Assignment: Repeat the records below exactly, leaving out any pictures.

Study material:
***
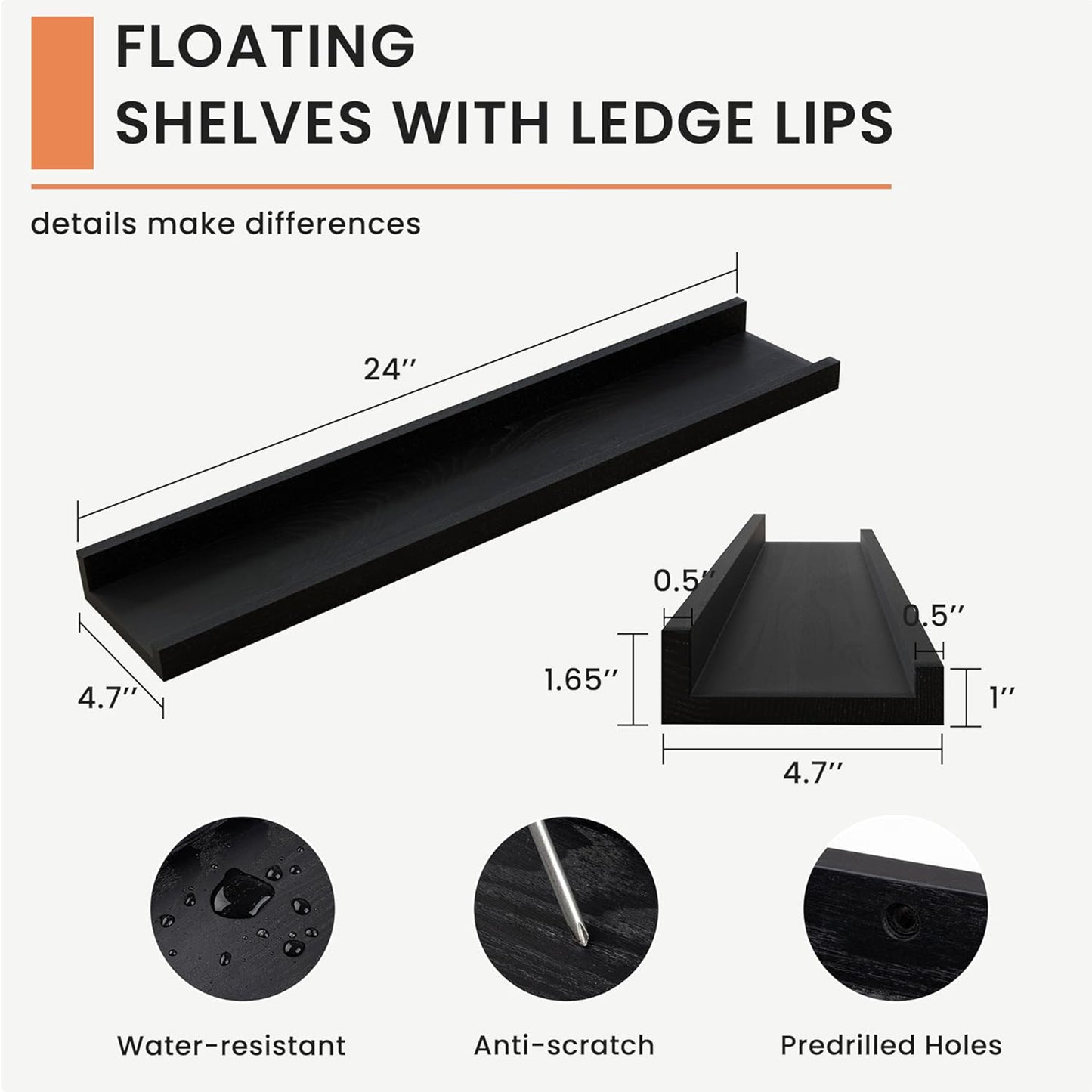 ShelfLoft 4.7 Inch Deep Solid Ash Wood Picture Ledge Floating Shelves, Set of 2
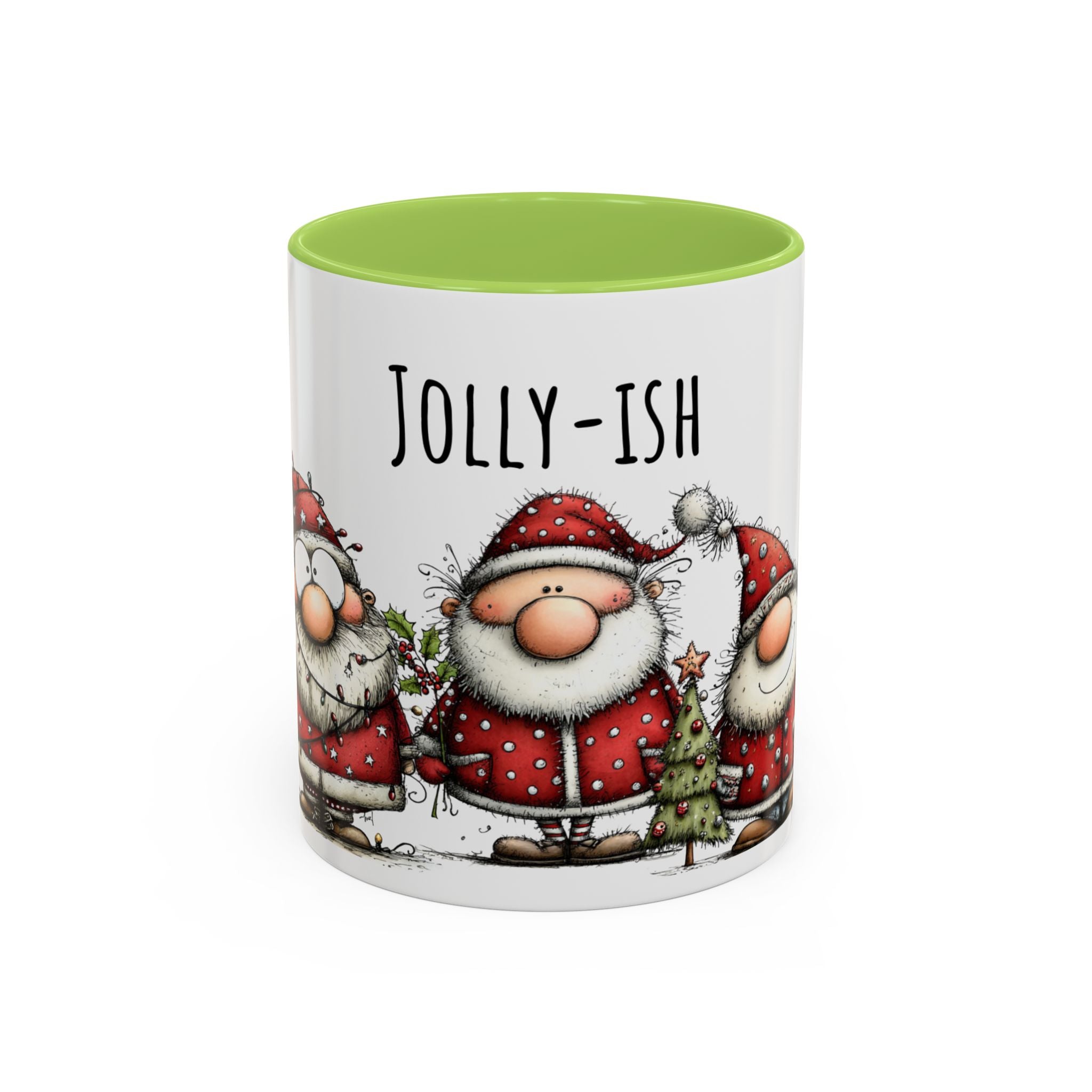 Jolly-Ish Coffee Mug - Festive Holiday Drinkware, Christmas Gift, Santa Decor, Fun Coffee Cup, Winter Cheer Mug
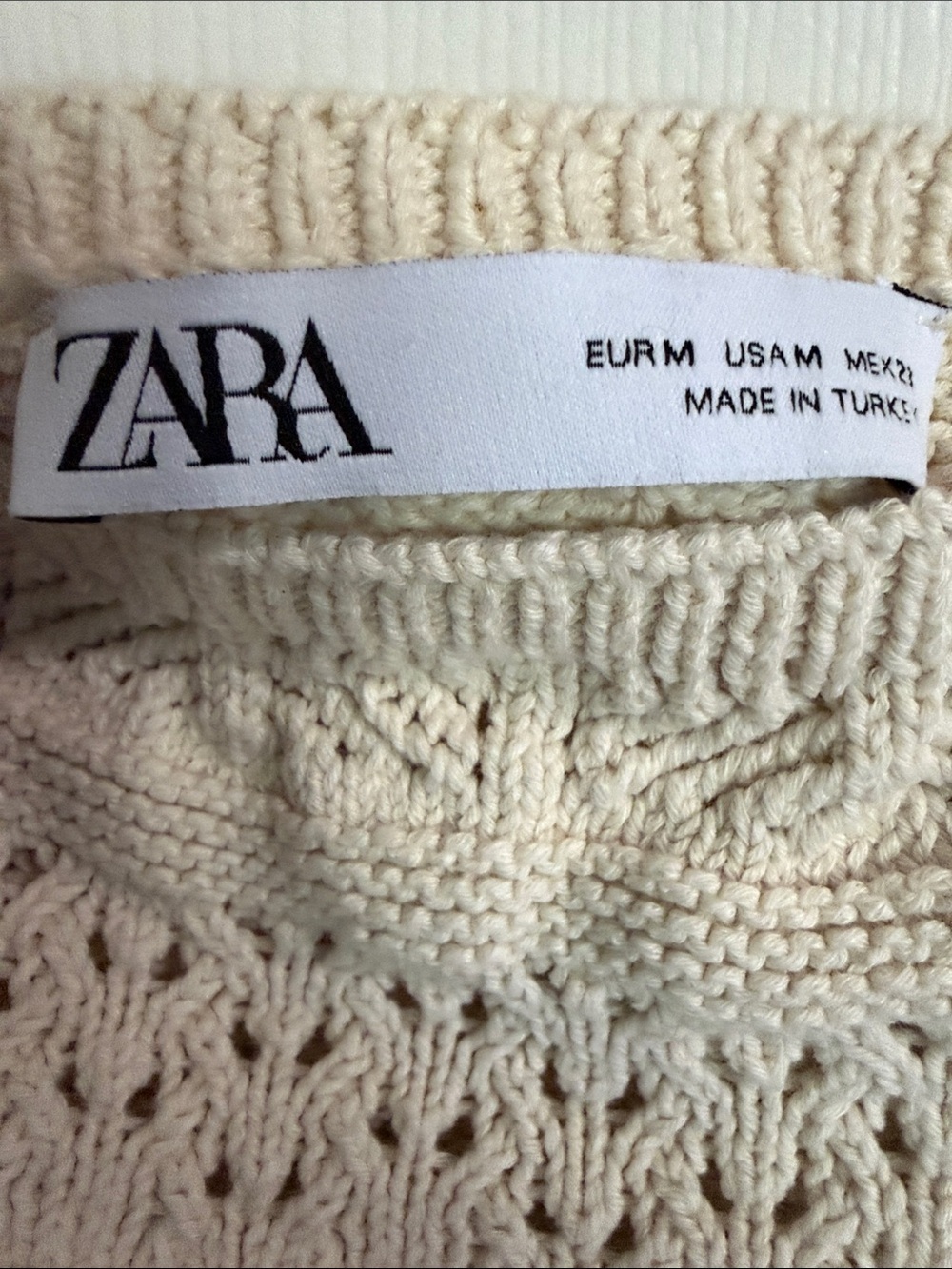 Zara Cream Knit Crochet Crop Cami - Picture 2 of 7
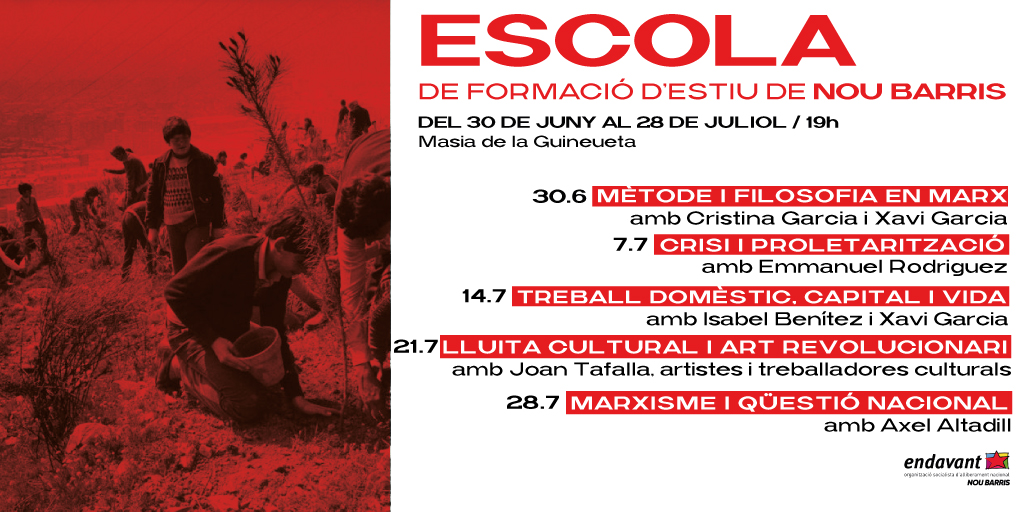 🌿 Escola de Formació d'Estiu de Nou Barris 

📅 30 de juny, 7, 14, 21 i 28 de juliol

📌 Masia de la Guineueta goo.gl/maps/zZWAgiRn5…

✍️ Inscripcions: cryptpad.fr/form/#/2/form/…

🧵Fil amb el programa👇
***
Problem solution:
 ShelfLoft 4.7 Inch Deep Solid Ash Wood Picture Ledge Floating Shelves, Set of 2
 Jolly-Ish Coffee Mug - Festive Holiday Drinkware, Christmas Gift, Santa Decor, Fun Coffee Cup, Winter Cheer Mug
 Zara Cream Knit Crochet Crop Cami - Picture 2 of 7
 🌿 Escola de Formació d'Estiu de Nou Barris 

📅 30 de juny, 7, 14, 21 i 28 de juliol

📌 Masia de la Guineueta goo.gl/maps/zZWAgiRn5…

✍️ Inscripcions: cryptpad.fr/form/#/2/form/…

🧵Fil amb el programa👇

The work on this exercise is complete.